Face to Face: Peter R. Davidson, RN, CPO
Observing O&P practitioners "thinking outside of the box" drew Peter Davidson, RN, CPO, to the profession. At the time, he was working as a flight paramedic/registered nurse for a teaching hospital and Level I trauma center. The hospital's O&P clinicians were called in to instruct the flight crew on advanced spinal care for air transport. Davidson was intrigued by a field of allied healthcare professionals that relied on their creative minds to solve problems "on the fly" and in three-dimensions—the feature of O&P he considers a blend of science and art. As an example, he offers the "transport brace" that his coworker Eric Lieux, CPO, at the Great Plains Rehabilitation Services O&P department, St. Alexius Medical Center, Bismarck, North Dakota, designed for twins conjoined at the crown of their heads—one anterior and the other posterior—so the children could be transported for separation without damaging their cervical spines.
1. How has your career progressed?
I graduated from the California State University, Dominguez Hills, orthotics program in 1987, and completed my orthotic residency at the Loma Linda University Medical Center, California, O&P department, where I stayed on as a certified orthotist. In 2000, I joined the Great Plains staff and challenged the ABC [American Board for Certification in Orthotics, Prosthetics & Pedorthics] board tests—a process called "windowing"—which allowed me to become a certified prosthetist.
The prosthetic extension of my degree has been the greatest blessing for me as it has added value to my patients and my employer. Learning is a continuum and always will be. Working with physicians and others who are dedicated to teaching, regardless of the setting, is key in improving one's own knowledge base and in becoming a better practitioner.
2. Please describe your approach to patient care.
Nursing fundamentals are a perfect foundation—something I use daily. This includes experience with wound care, recognizing when a patient might need additional medical attention, pain management issues, and drug reactions.
Much time is spent in dealing with loss and loss of limb, so good communication skills and listening to the patient and family is critical in regards to validating their feelings.
Offer real solutions based on fact and current information. If at all possible, get them support from like clients or organizations such as the Challenged Athletes Foundation (CAF), Orthotic & Prosthetic Assistance Fund (OPAF) First Clinics, or local support groups. Be prepared to offer ancillary help!

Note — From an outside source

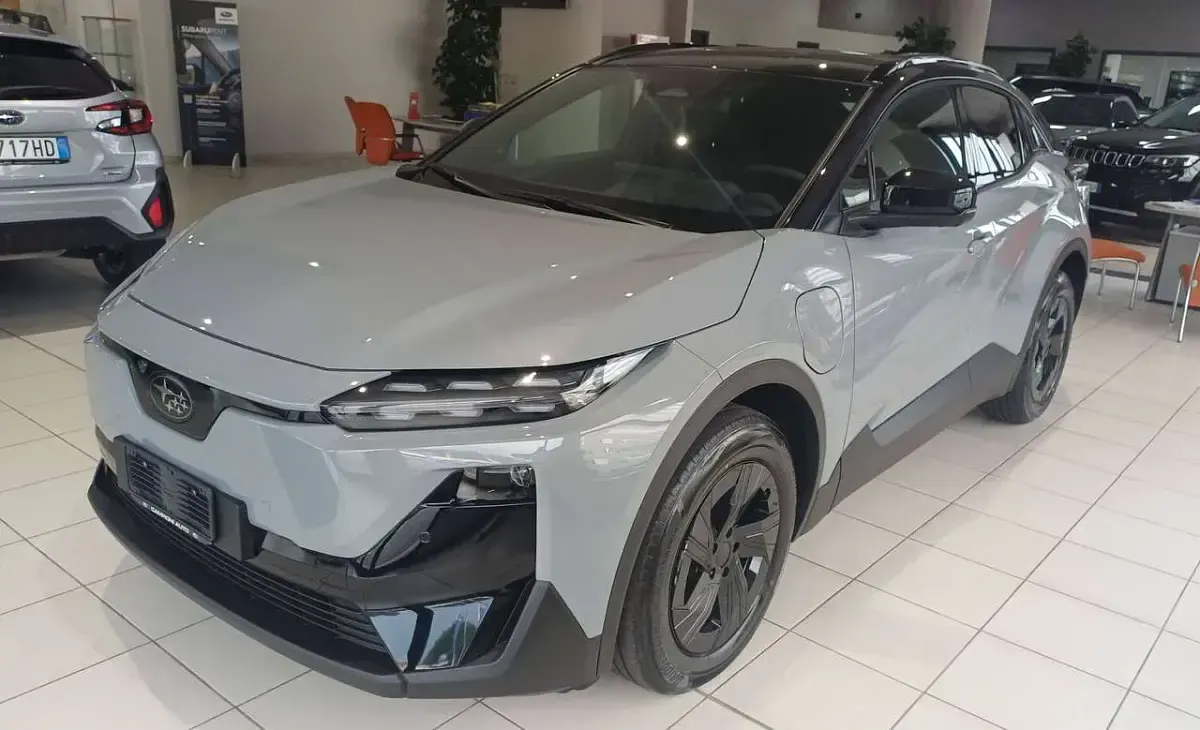 Nuova Subaru Uncharted 164 kW (224 CV) 2026 Grigio con tettino nero SUV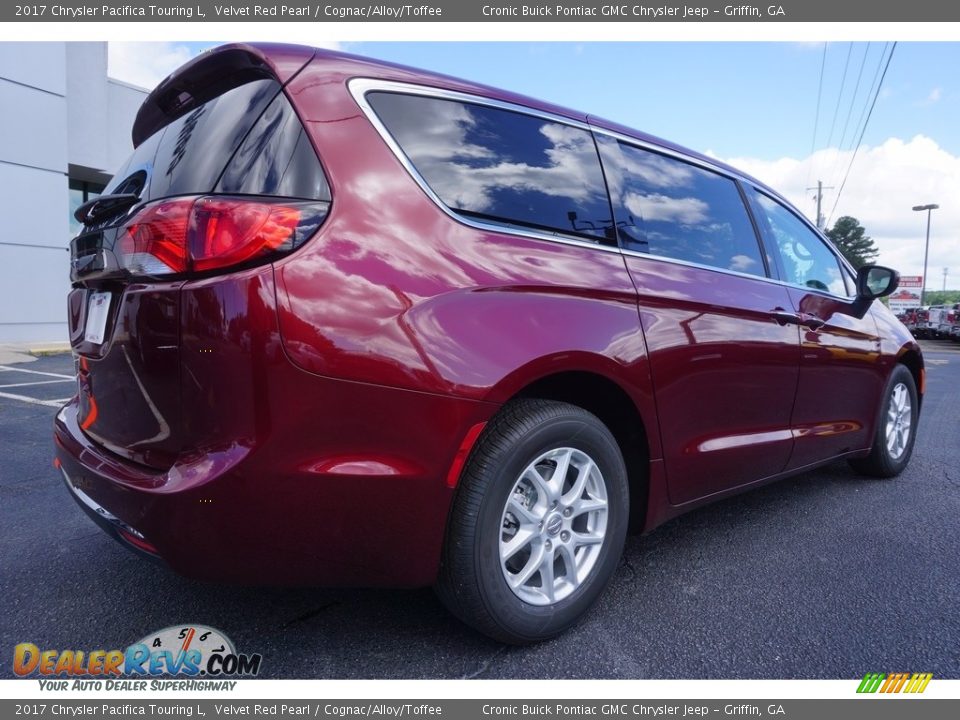 2017 Chrysler Pacifica Touring L Velvet Red Pearl / Cognac/Alloy/Toffee Photo #7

3. What are your personal and/or professional goals?
My goal is to give back what has been given to me! Publishing, teaching, and continuing education are on the horizon.
4. What advice would you give to someone just entering the O&P profession?
Spend time involved in the field, not just observing. If it is something you feel you have a god-given talent for, and this is a place you experience more fun than you would at work, then it's a match!
5. Any closing thoughts you'd like to share?
I confess I listen little to those who claim to have all the answers, whether in O&P or other professions. My experience over the years has been that the wisest people in the industry tend to be the ones who admit, at times, "the answer may be unknown." Even with a wealth of knowledge, we can still be humbled by our collective outcomes, lessons learned, the human spirit, and the gift of healing. Sharing honest results, both favorable and not, is our duty.